A l’autre bout de la chaîne, l’envolée des commandes par internet a accru les besoins de stockage dans les entrepôts des grands distributeurs. Ainsi, finalement arrivés à destination, au lieu d’être vidés et renvoyés, il arrive que les containers soient immobilisés sur place avec leur chargement, pour servir de stockage. Pire encore, une fois revenus au port, les containers vides s’accumulent faute de main d’œuvre ou de capacité de chargement pour les renvoyer sur les lieux de production et de chargement ! Ces dysfonctionnements se traduisent par un tri croissant des livraisons au profit des produits à plus forte valeur ajoutée – et donc les plus chers – tandis que les transporteurs réservent containers et bateaux à n’importe quel prix. Certaines compagnies aériennes disposant d’une flotte de long courrier ont pu prendre partiellement le relai, utilisant parfois les sièges passagers vides pour y déposer des « boîtes » – après validation des constructeurs. Mais ce mode de transport au demeurant onéreux et sélectif (très utile pour les vaccins, pas pour les pondéreux), est loin de pallier les blocages du trafic maritime. Alors que le trafic transpacifique s’intensifiait à l’automne, certains ports européens ont vu leur activité réduite faute d’arrivages – déroutés vers d’autres destinations. En amont de la chaîne, l’accélération de la demande de semi-conducteurs pour l’informatique et l’automobile, a mis Taïwan sous pression et érigé ce secteur en nouvelle priorité stratégique par l’Administration Biden. Alors que le principal producteur de l’Ile – TSMC – va s’implanter en Arizona, la constitution d’une filière de production prendra du temps et risque d’accroître ses coûts de fabrication. En attendant, à Taïwan même, la sécheresse menace de retarder un peu plus la production de ces composants, dont la fabrication nécessite beaucoup d’eau. L’Union Européenne entend également reconstruire une filière de ce type sur ses territoires. Mais à quelle échéance ?
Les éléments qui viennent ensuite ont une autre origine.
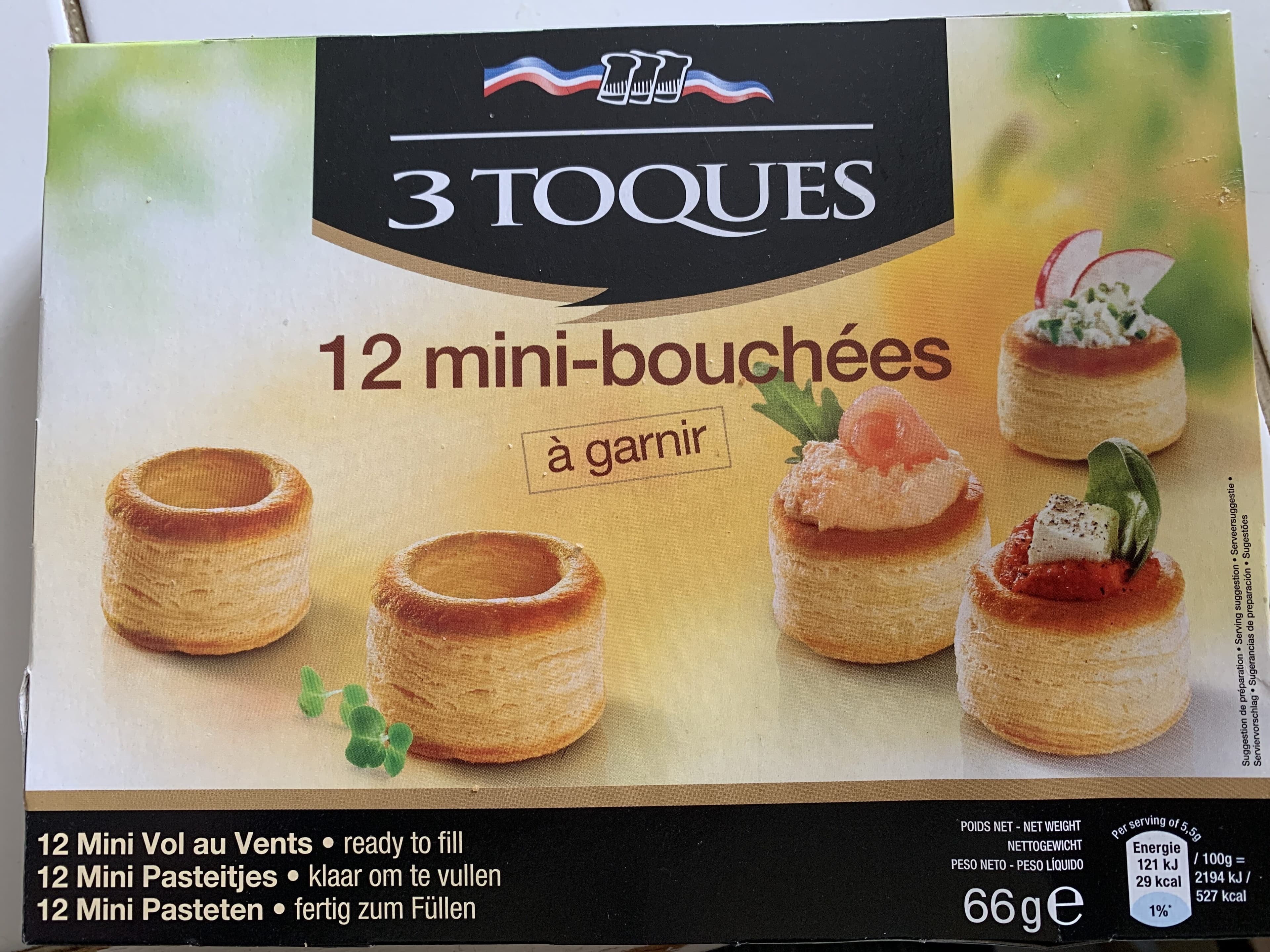 3 Toques Mini Bouchées à Garnir, 12 Pièces packshot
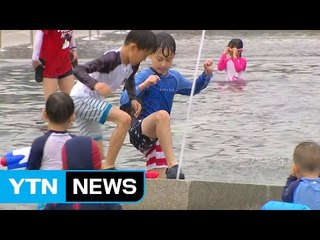 [날씨] 찜통더위 속 소나기...한강에서 더위 식혀요 / YTN (Yes! Top News)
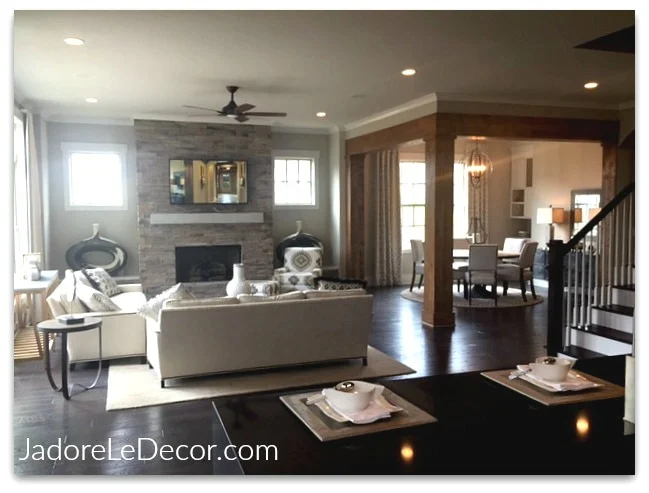 www.JadoreLeDecor.com | Steal tips from large-scale models homes for your small space. | Model Home Tours | Design Inspiration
Les effets de la reprise chinoise

La demande de matières premières a aussi été provoquée par la reprise de la Chine dès le printemps alors que l’Etat mettait en œuvre de nouveaux plans d’infrastructures. Il ne fait pas de doute que l’offre va progressivement s’ajuster et répondre à ces changements. Mais le temps manque, et il est fort probable que ces tensions vont perdurer encore tout au long de l’année. Au-delà, les enjeux de la révolution technologique et climatique sont à l’œuvre. La guerre commerciale et la défiance à l’égard de la Chine devraient pousser à la poursuite du découplage entre les grands ensembles économiques.
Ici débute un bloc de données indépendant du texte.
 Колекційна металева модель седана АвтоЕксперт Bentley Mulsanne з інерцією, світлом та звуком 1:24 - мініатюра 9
Au regard de ces différents facteurs, il reste encore difficile d’apprécier si la hausse récente des prix va s’installer.

Le secteur manufacturier
Un rebond ponctuel ou une tendance de fond ?

Il en est de même pour la pérennité du rebond du secteur manufacturier.  Au-delà des à-coups récents, nous pensons que cette reprise s’inscrit dans le cadre d’un cycle entamé en 2018. La crise de la Covid n’a fait qu’amplifier les tendances. En revanche, l’intensité de la reprise semble liée à des facteurs exceptionnels qui devraient s’estomper.
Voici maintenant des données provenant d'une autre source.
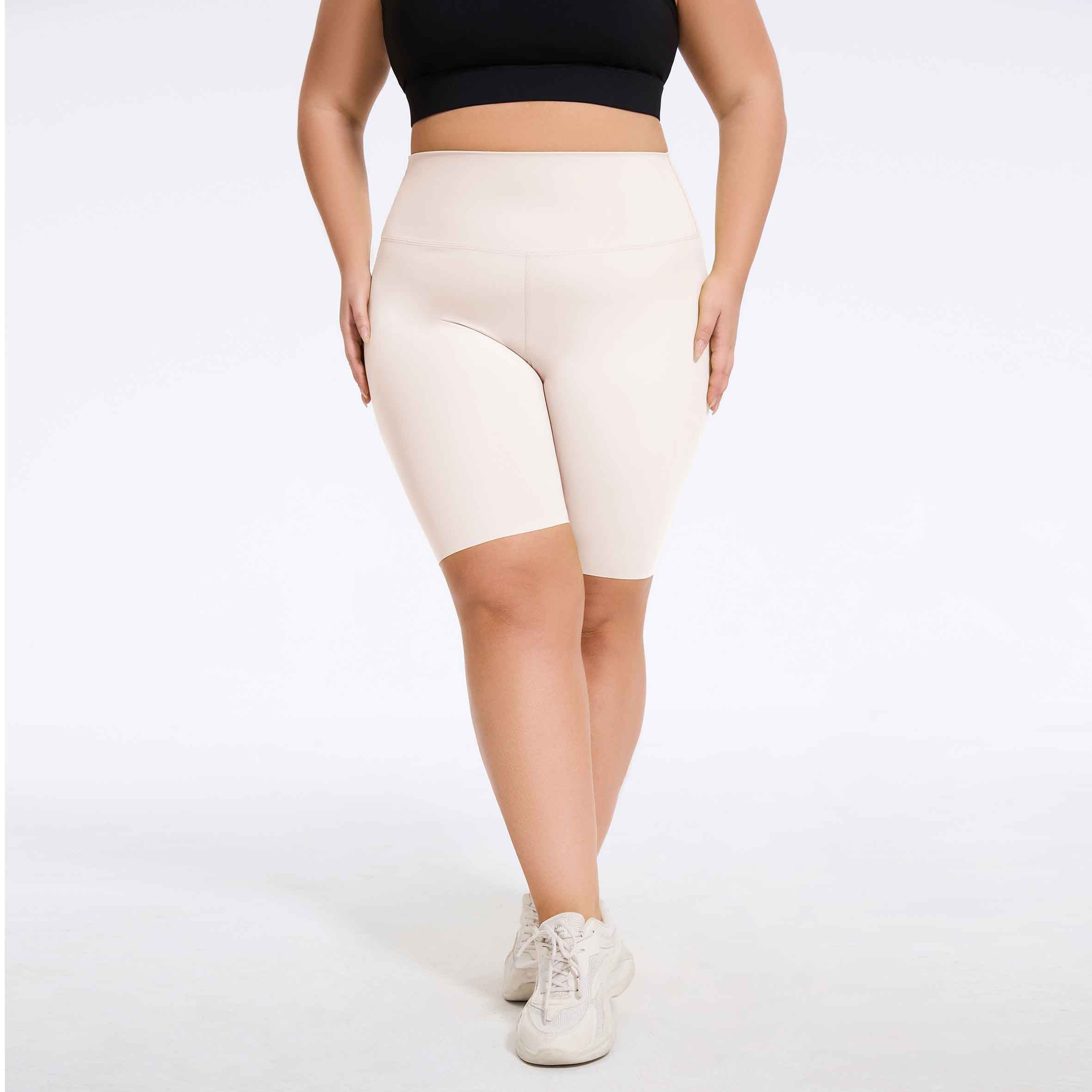 Plus Size High-Waist Biker Shorts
D’une part, il ne concerne pas tous les secteurs alors que s’amorce une nouvelle transformation économique, vers la production de biens plus en adéquation avec les impératifs de la lutte contre le changement climatique.

D’autre part, le rebond ne touche pas encore toutes les régions du monde : comme le montre le graphique ci-dessous, la hausse des prix à la production est particulièrement visible aux Etats-Unis et en Chine tandis que le rebond reste bien moins sensible en zone euro et au Japon. Les différences dans les rythmes de reprise expliquent ces écarts. Par ailleurs, le rebond actuel ne signale pas encore un rattrapage intégral par rapport à la période précédente : la pandémie et la récession de 2020 n’ont fait qu’accélérer le repli des prix à la production, déjà amorcé depuis 2018, alors que le secteur manufacturier était en fin de cycle. Enfin, toutes les productions ne sont pas concernées. La Chine s’inquiète même désormais d’un risque de baisse des prix dans la sidérurgie, alors que les tensions sur les prix des semi-conducteurs devraient, quant à elles perdurer.